Under IFRS, PP&E may be valued using either the cost model or the revaluation model. However, companies need to ensure that the chosen method is applied to all the assets within a particular class of assets. U.S. GAAP only allows the cost model for reporting PP&E.
On a standard balance sheet, under noncurrent assets, define investment property.
Investment property
IFRS defines investment property as property that is owned (or leased under a finance lease) for rental income and/or capital appreciation. Under IFRS, investment property may be valued using the cost model or the fair value model. The chosen model must be applied to all investment properties held by the company. Further, a company may only use the fair value model if it is able to determine the fair value of the investment property on a continuing basis with reliability. U.S. GAAP does not include a specific definition for investment property.
On a standard balance sheet, under noncurrent assets, define intangible assets.
Intangible assets
These are identifiable, non‐monetary assets that lack physical substance. Under IFRS, intangible assets may be reported using either the cost model or the revaluation model. However, the revaluation model can only be selected if there is an active market for the asset. U.S. GAAP only allows the cost model.
On a standard balance sheet, under noncurrent assets, for intangible assets, define the differences between finite and indefinite useful lives.
- Intangible assets with finite useful lives are amortized systematically over their lives and may also be impaired depending on circumstances. Impairment principles for these assets are the same as those that apply to PP&E.
- Intangible assets with indefinite useful lives are not amortized, but are tested for impairment at least annually.
Financial statement disclosures provide important information (e.g., useful lives, amortization rates and methods) regarding a company’s intangible assets.
On a standard balance sheet, under noncurrent assets, for intangible assets, define identifiable intangible assets.
Identifiable intangible assets can be acquired singly and are usually related to rights and privileges that accrue to the their owners over a finite period.
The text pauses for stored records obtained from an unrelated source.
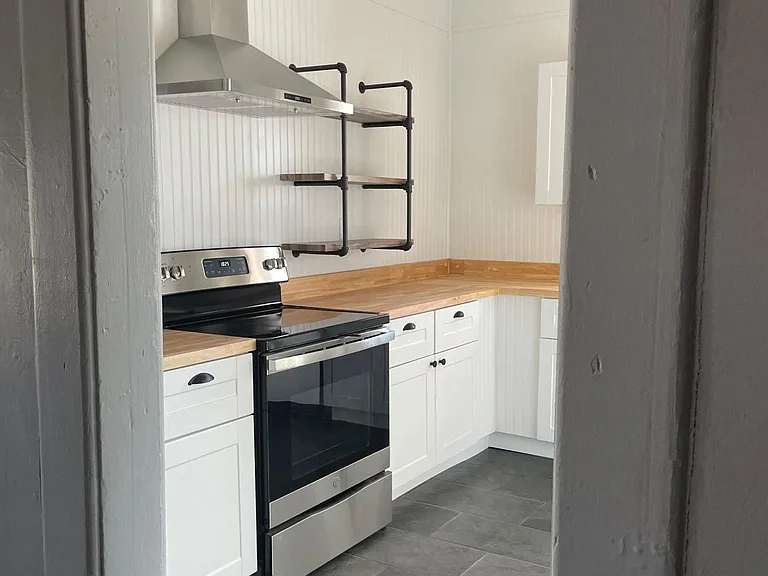 405 W Grand Ave — Photo 19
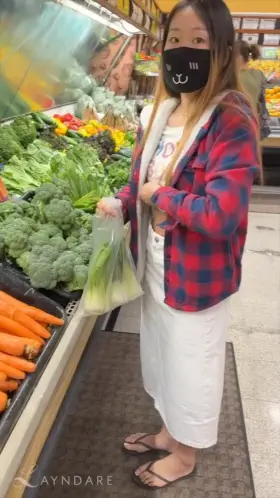 The guy behind me was suspicious and knew I was up to no good lol! [gif]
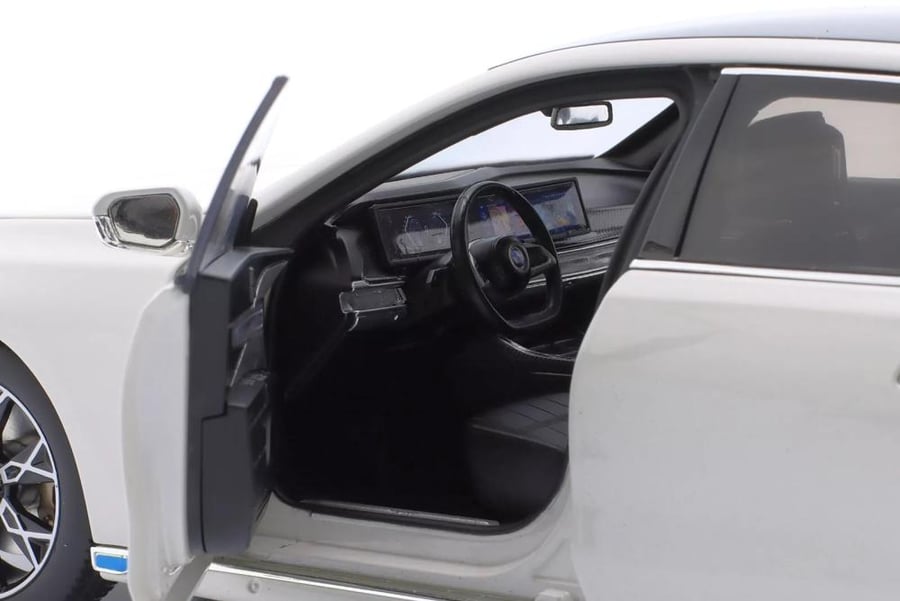 MINICHAMPS - BMW - 7-SERIES i7 (G70 BEV) 2022  Scale: 1/18   Manufacturer code: 110023200   Colour: WHITE MET   Material: die-cast   Year: 2022   Notes: WITH OPENINGS - APRIBILE
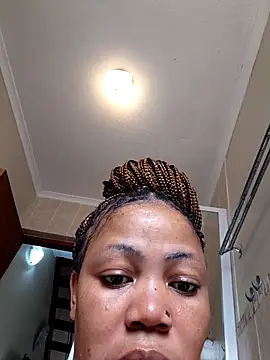 curvybigassqueen online show from 03.03.26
Under IFRS, identifiable intangible assets may only be recognized if it is probable that future economic benefits will flow to the company and the cost of the asset can be measured reliably. A company may develop intangible assets internally, but such assets can only be recognized under certain circumstances. Under both IFRS and U.S. GAAP, costs related to the following are usually expensed:
- Start‐up and training costs.
- Administrative and overhead costs.
- Advertising and promotion costs.
- Relocation and reorganization costs.
Acquired intangible assets may be reported as separately identifiable intangibles (rather than goodwill) if:
- They arise from contractual rights (e.g., licensing agreements), or other legal rights (e.g., patents); or
- Can be separated and sold (e.g., customer lists).
On a standard balance sheet, under noncurrent assets, define goodwill.
Goodwill (an example of an asset that is not separately identifiable) is the excess of the amount paid to acquire a business over the fair value of its net assets. The purchase price may exceed the fair value of the target company’s identifiable (tangible and intangible) net assets because of the following reasons:
- Certain items of value (e.g., reputation, brand) are not recognized in a company’s financial statements.
- The target company may have incurred research and development expenditures that may have not been recognized on its financial statements but do hold value for the acquirer.
- The acquisition may improve the acquirer’s position against a competitor or there may be possible synergies.